24 Temmuz 2010 Cumartesi


Bazı şarkılardan sağ çıkamıyorum.

16 Temmuz 2010 Cuma

Buralar Hep Sahneymiş

Mavi boncuklu, altın küpeleri takınca, o küçük kız oluyorum. Diş izleri bile var. Büyük ihtimalle en büyük halam aldı bunları ona.

Hatırlıyorum bana bir tiyatro sahnesi düşün demiştiniz. Oyun sadece benim için oynanacaktı. Gözümü sahneden ayırmadan orta sıranın, ortasındaki koltuğa oturdum. Sahnede iki sandalye, bir masa vardı. Sağ kapıdan aynı bana benzeyen biri çıkıyordu. O kız geleceği çok güzel hayal ediyor, öteleri görmek istiyordu. Sol kapıdan çıkan ve yine bana tıpatıp benzeyen kız ise hep çocuk kalmak istiyordu. Bana hangisi sensin diye sormuştunuz. Sağ kapıdan çıkan kız dedim; yalan söylemedim, misyon yükledim.

10 Temmuz 2010 Cumartesi

Yok Ben Transit Geçiyorum


Büyük bir kazadan ya da dünyanın herhangi bir ülkesindeki doğal afetten sonra, hayatta kalan insanlara mutlulukla karışık şaşırırız ya

Ben de sabah akşam İstanbul trafiğinde “Nasıl ölmedim ben ya?” deyip duruyordum. Daha geçen gün en ufak bir esintide uçmaya müsait bu bünyeye araba çarptı; sonra bir minibüs hızla, içinde bulunduğum arabayı sıyırdı geçti. Çılgınlar gibi eğleniyoruz değil mi gençler?

Mesela yolculuk esnasında pencereden dışarıyı seyretme zevki falan kalmadı. “Aha arabanın önüne atladı; aha çarptı.” Kalbimiz ağzımızda yolculuk yapıyoruz.

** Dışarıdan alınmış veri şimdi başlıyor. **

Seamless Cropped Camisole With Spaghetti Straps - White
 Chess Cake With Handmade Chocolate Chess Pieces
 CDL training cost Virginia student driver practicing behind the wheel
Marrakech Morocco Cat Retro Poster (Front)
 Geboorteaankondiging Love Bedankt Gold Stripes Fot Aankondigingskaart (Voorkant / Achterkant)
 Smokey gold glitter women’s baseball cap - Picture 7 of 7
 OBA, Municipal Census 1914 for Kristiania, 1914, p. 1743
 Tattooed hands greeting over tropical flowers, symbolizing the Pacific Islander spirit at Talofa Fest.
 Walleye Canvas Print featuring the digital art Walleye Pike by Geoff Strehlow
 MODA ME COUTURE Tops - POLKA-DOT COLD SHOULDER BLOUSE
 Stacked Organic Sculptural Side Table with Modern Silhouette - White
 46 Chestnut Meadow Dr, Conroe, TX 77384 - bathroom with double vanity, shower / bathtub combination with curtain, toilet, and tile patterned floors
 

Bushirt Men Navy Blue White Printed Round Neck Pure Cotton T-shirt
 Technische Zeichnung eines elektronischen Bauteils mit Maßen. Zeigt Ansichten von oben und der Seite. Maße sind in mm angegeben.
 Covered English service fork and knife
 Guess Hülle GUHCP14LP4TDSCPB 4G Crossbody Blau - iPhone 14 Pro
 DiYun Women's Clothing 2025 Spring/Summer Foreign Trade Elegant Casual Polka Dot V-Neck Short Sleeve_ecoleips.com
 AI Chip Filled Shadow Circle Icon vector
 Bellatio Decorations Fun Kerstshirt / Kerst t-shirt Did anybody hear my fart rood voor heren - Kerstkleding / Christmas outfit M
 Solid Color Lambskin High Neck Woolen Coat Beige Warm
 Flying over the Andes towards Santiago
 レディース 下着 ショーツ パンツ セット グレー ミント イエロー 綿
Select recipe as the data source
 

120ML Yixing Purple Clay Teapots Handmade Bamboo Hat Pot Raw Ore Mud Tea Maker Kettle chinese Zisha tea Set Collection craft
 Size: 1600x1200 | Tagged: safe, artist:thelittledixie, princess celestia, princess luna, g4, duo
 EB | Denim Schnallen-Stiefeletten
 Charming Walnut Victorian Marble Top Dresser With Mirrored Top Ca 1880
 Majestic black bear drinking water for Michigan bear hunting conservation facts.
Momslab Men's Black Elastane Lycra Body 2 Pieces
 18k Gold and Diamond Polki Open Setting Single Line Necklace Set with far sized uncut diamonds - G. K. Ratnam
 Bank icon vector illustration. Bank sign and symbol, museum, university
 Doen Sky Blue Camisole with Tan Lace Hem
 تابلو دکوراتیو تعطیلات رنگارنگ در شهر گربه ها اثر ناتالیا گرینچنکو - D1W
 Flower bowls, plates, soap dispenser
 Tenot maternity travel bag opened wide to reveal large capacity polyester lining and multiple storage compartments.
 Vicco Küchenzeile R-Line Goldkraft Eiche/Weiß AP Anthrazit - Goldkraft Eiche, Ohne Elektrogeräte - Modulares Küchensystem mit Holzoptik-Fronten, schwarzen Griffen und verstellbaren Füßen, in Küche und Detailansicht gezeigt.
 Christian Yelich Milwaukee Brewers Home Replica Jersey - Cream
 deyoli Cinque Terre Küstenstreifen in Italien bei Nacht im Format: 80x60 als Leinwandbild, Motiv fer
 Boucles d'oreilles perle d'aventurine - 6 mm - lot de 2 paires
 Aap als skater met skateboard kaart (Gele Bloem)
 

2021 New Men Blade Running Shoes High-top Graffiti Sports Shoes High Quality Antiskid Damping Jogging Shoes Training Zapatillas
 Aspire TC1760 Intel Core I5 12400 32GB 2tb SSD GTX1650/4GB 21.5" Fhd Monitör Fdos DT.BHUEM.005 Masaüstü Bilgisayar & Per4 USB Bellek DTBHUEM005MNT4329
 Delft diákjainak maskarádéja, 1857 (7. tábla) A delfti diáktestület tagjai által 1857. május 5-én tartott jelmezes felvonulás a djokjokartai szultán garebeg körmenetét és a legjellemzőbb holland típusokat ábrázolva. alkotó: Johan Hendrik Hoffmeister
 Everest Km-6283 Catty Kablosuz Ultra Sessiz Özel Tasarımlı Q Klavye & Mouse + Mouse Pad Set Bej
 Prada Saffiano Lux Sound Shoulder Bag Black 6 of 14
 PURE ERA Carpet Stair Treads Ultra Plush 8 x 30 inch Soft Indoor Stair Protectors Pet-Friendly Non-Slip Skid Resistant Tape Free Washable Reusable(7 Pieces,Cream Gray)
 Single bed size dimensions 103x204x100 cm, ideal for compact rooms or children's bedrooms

Çünkü herkes ana caddeleri, duyduğu köy özlemiyle tarla falan sanıyor.

Katil ya da maktul olmak inan işten değil.

Hani var ya tutamazsın da kendini üst geçit falan dinlemeden...

Bir ümitle ya geçersem karşıya dersin hep,

Bile bile yasak olduğunu

*Bu dörtlüğü lütfen Sezen’den "Bile Bile" şarkısı bestesiyle okuyalım, birkaç kelime dışarı taşıyor farkındayım.

3 Temmuz 2010 Cumartesi

Yağmur ya da Yağmur

Aylar önceki “Çok doldum, çok bulantı oldu; kusmayı bekliyorum” notuma ithafen

Kimi zaman öyle talan olur ki içiniz, her şeyin adı unutulur, düşünce yok olur. Bulutlar göz hizanızda yeryüzüne iner, bu yüzden hep sislidir o vakitler. Birkaç eşin dostun sesi sizin dağlarınıza çarpar, yankı olur. Bu taraftan hiç cevap gitmez.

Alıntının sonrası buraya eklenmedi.